Cervantes was born and raised in Anderson with two older brothers and four younger sisters in a neighborhood filled with large Catholic families, like hers. Her father, Stan Favret, was a commercial photographer who specialized in weddings and her mother, Alberta, helped with his business.

They were both deeply connected to their community.

“Every time someone had a baby, my mother would bake something delicious like éclairs and I would say, ‘Can we eat some, too?’ and she would tell me, ‘Help me bake,’ and I did,” said Cervantes, who will not say what her annual income is but that she makes “enough.”

These days, Cervantes works long hours and she believes baking is her calling.

“I love what I do. I love the challenge of creating something someone imagines and I love seeing the happiness on their face when I get it right,” Cervantes said. “I have no plans to retire.”

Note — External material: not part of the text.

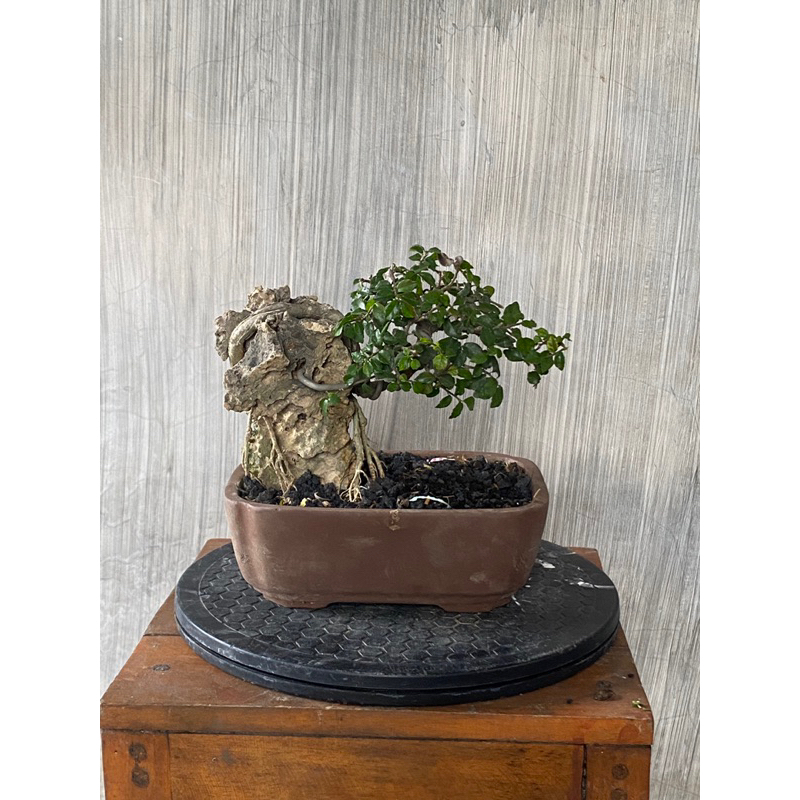 Bonsai Serut OTR on the rock , dalam batu , diatas batu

Cervantes gets some assistance from her husband and her daughter, Catherine Von Bargen, 38. Tony uses his engineering skills to help design cake boards to improve the structural stability of her cakes. He also uses his many 3-D printers to help her “visualize” the cakes. The 3-D printers that he uses were created by their son, Sam, 35, and their other son Zack, 28, offers moral support, as they live out of town.

“My mom is one of Cincinnati’s best kept secrets. She has made custom cakes for some of the city’s great events,” said Von Bargen, senior project manager at Convergys, a customer experience analytics company downtown, who lives in West Chester. “I have watched her business grow over the years and it has been a valuable lesson for me. I have done my best to employ the determination and kindness that my mom possesses. She has brought joy to clients, friends and family with her custom creations. She is simply amazing.”

Rave reviews

Cervantes has spent decades building up a loyal clientele. Her business has spread through word-of-mouth from one delighted customer to another.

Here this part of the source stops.